# Difficult integral with parameters

• Aug 2nd 2009, 09:12 AM
Dext91
Difficult integral with parameters
Can anyone help me solve this integral?

Calculate in $R$
$\int{\frac{dx}{ax^4+bx^3+cx^2+bx+a}}$, where $b,c$ Є $R$ and $a$ Є R\{0}.

• Aug 2nd 2009, 12:00 PM
DeMath
Quote:

Originally Posted by Dext91
Can anyone help me solve this integral?

Calculate in $R$
$\int{\frac{dx}{ax^4+bx^3+cx^2+bx+a}}$, where $b,c$ Є $R$ and $a$ Є R\{0}.

Hint
$a{x^4} + b{x^3} + c{x^2} + bx + a = 0 \Leftrightarrow a{x^2} + bx + c + \frac{b}{x} + \frac{a}{{{x^2}}} = 0 \Leftrightarrow$

$\Leftrightarrow \left( {{x^2} + \frac{1}{{{x^2}}}} \right)a + \left( {x + \frac{1}{x}} \right)b + c = 0.$

${\text{Let }}x + \frac{1}{x} = t \Rightarrow {x^2} + \frac{1}{{{x^2}}} = {t^2} - 2.$

$\left( {{t^2} - 2} \right)a + bt + c = 0 \Leftrightarrow a{t^2} + bt - \left( {2a - c} \right) = 0 \Rightarrow$

$\Rightarrow {t_{1,2}} = \frac{{ - b \pm \sqrt {{b^2} + 4a\left( {2a - c} \right)} }}{{2a}}.$

$x + \frac{1}{x} = {t_{1,2}} \Leftrightarrow {x^2} - {t_{1,2}}x + 1 = 0.$

Then $a{x^4} + b{x^3} + c{x^2} + bx + a = a\left( {{x^2} - {t_1}x + 1} \right)\left( {{x^2} - {t_2}x + 1} \right).$

$\int {\frac{{dx}}{{a{x^4} + b{x^3} + c{x^2} + bx + a}}} = \frac{1}{a}\int {\frac{{dx}}{{\left( {{x^2} - {t_1}x + 1} \right)\left( {{x^2} - {t_2}x + 1} \right)}}} .$

If ${b^2} + 4a\left( {2a - c} \right) \geqslant 0$, then the solution will be on $\mathbb{R}$.

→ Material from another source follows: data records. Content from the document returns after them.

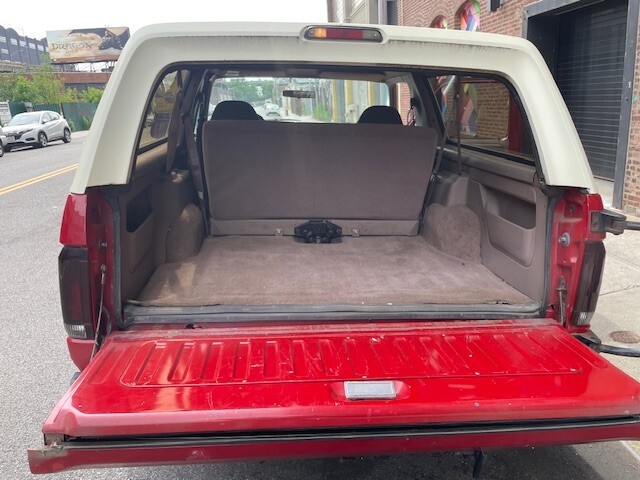 Ford-Bronco-1993-SUV-9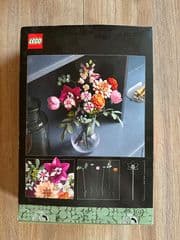 Lego - Pretty Pink Flower Bouquet - image blurred placeholder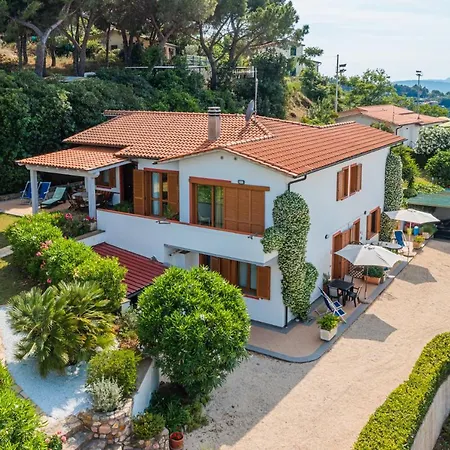 Da 6 A 8 Persone Apartment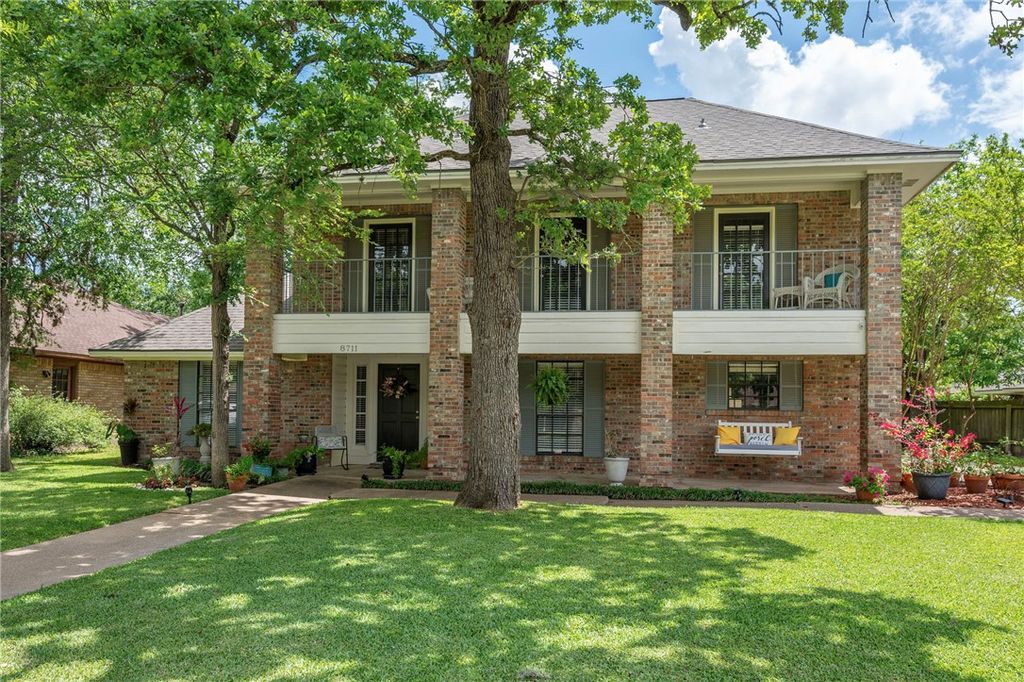 Photo of 8711 Bent Tree Drive, College Station, TX 77845 (MLS # 26004530)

Next, as is usually, decomposed into two fractions and calculate.
• Aug 2nd 2009, 11:51 PM
centry57
Actually $\sum a_{m}x^{m}=\prod (A_{k}x+B_{k})(C_{n}x^{2}+D_{n}x+K_{n})$
• Aug 3rd 2009, 02:14 AM
DeMath
Quote:

Originally Posted by centry57
Actually $\sum a_{m}x^{m}=\prod (A_{k}x+B_{k})(C_{n}x^{2}+D_{n}x+K_{n})$

(Thinking)

Actually Palindromic polynomial

Do you have a better solution?